Stored dataset items
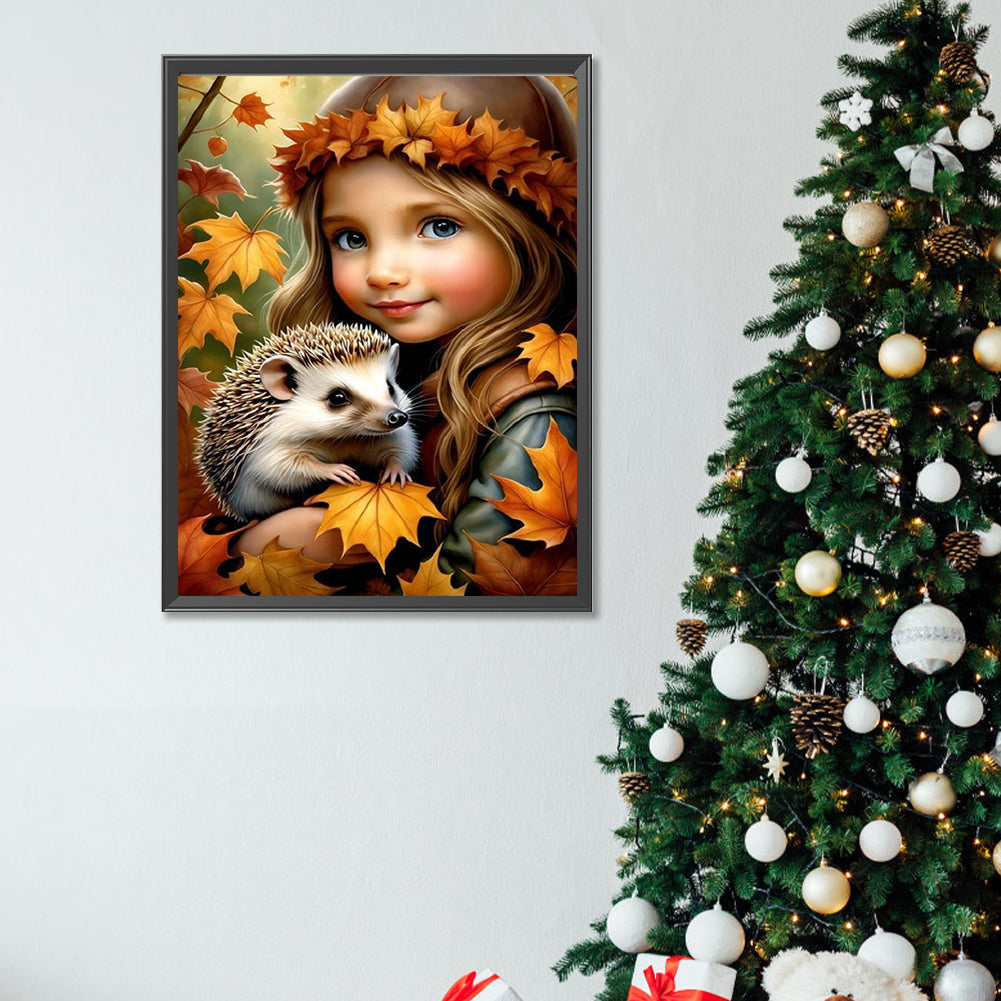 Cute Pet And Little Girl - Full Square Drill Diamond Painting 30*40CM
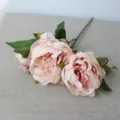 Artificial 3-head peony silk flower branch for home decor, vintage fake floral arrangement. - Champagne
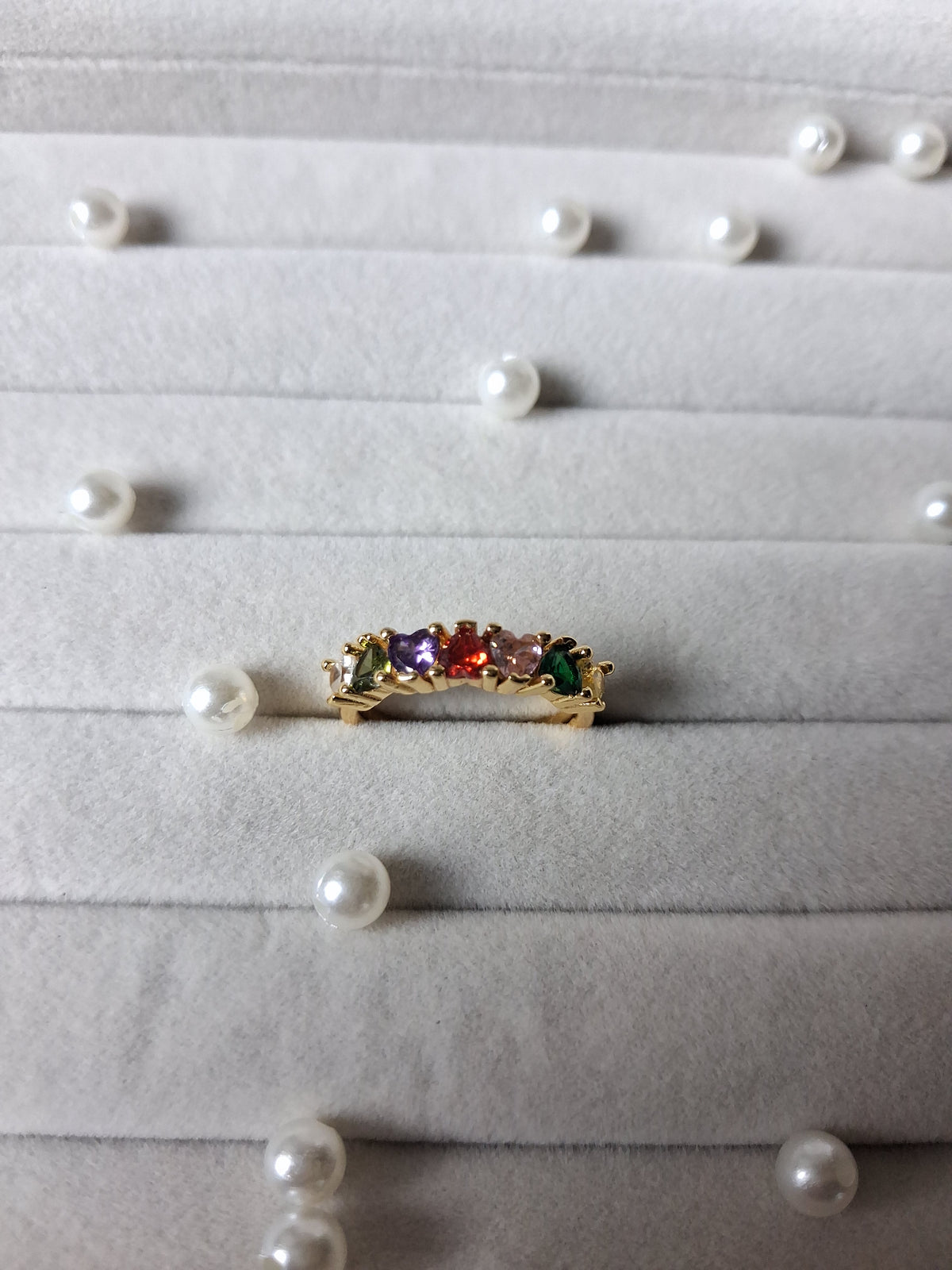Rainbow adjustable band ring ￼01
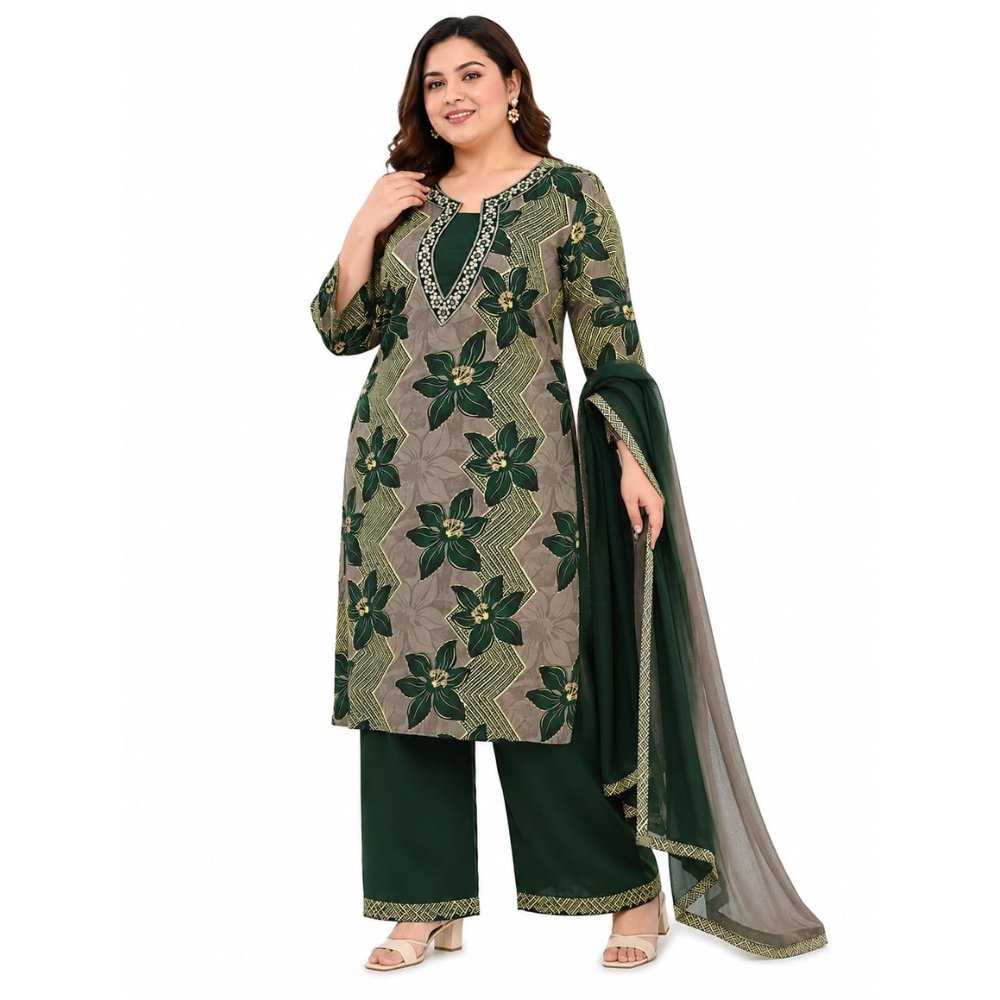 Women’s Floral Printed Kurta Palazzo Dupatta Set | Ethnic Straight Kurta with Wide Leg Palazzo & Chiffon Dupatta | Festive, Casual & Party Wear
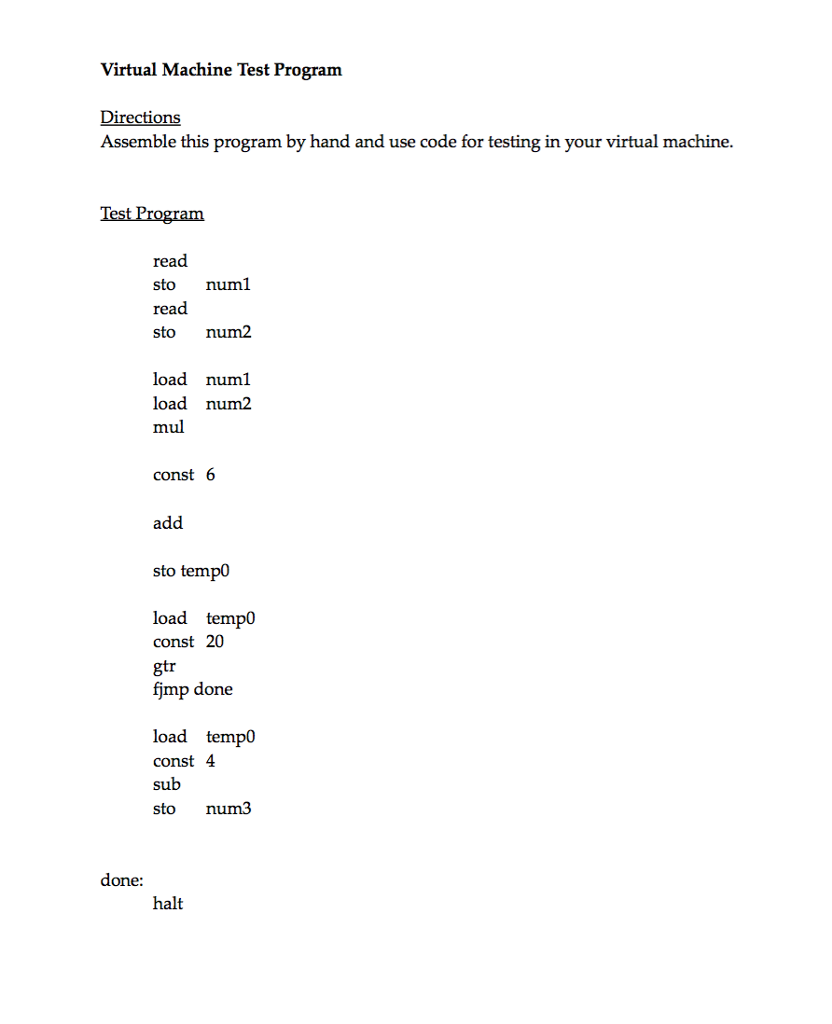 Virtual Machine Instructions Syntax Solved CS 13 Virtual Machine Proiect Implement the a virtual | Chegg.com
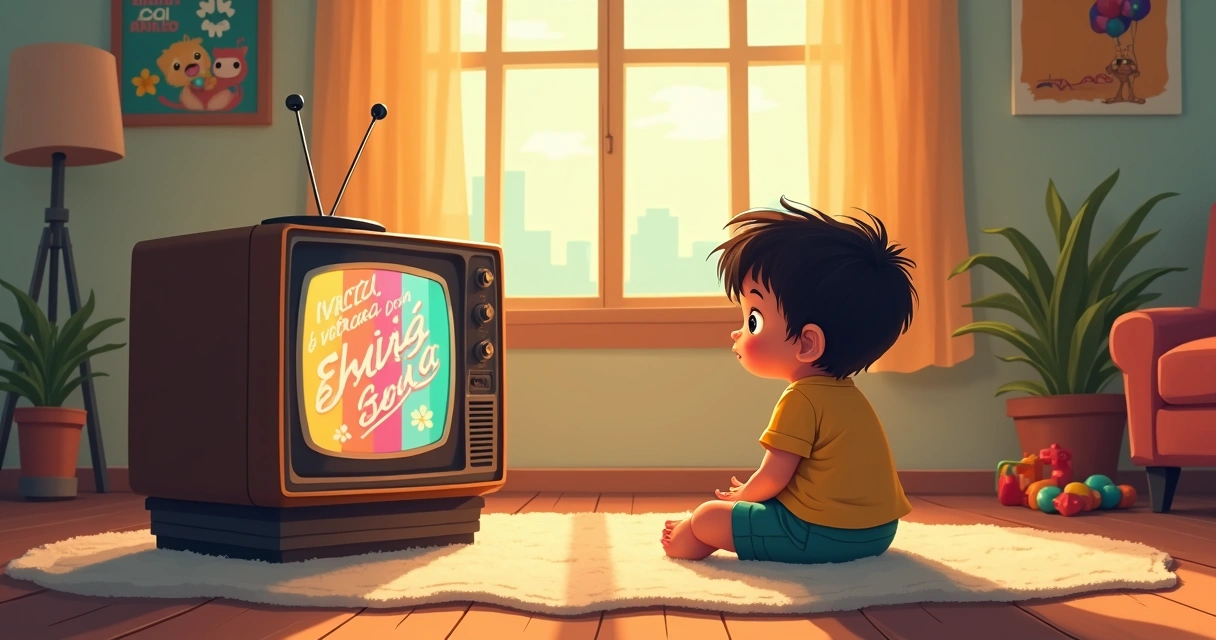 Criança assistindo comercial vintage na televisão 
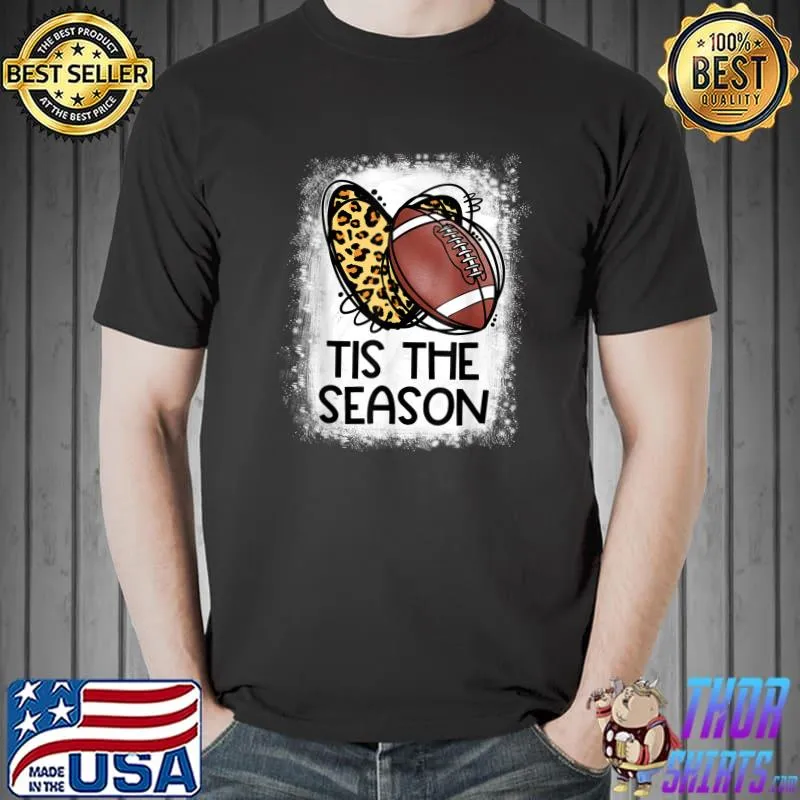 Tis To The Season Leopard Heart Football Season Game Day T-Shirt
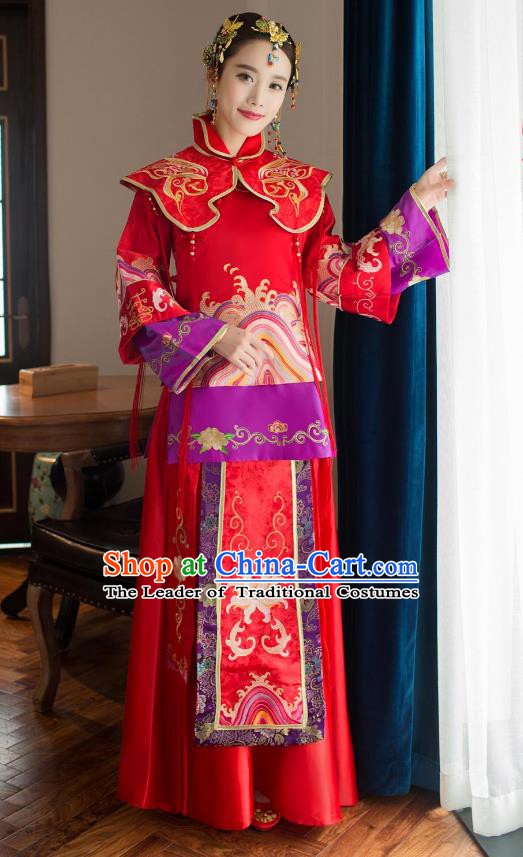 Chinese Traditional Wedding Bride Xiuhe Suit Costume, China Ancient Embroidered Tang Suit Toast Clothing for Women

WORK REQUIRED
Extract the part of the records that opens with the line containing "Women’s Floral Printed" and closes with the line containing "Criança assistindo comercial". Take only those lines, exactly, and no pictures.

SOLUTION FOR THIS TASK
 Women’s Floral Printed Kurta Palazzo Dupatta Set | Ethnic Straight Kurta with Wide Leg Palazzo & Chiffon Dupatta | Festive, Casual & Party Wear
 Virtual Machine Instructions Syntax Solved CS 13 Virtual Machine Proiect Implement the a virtual | Chegg.com
 Criança assistindo comercial vintage na televisão 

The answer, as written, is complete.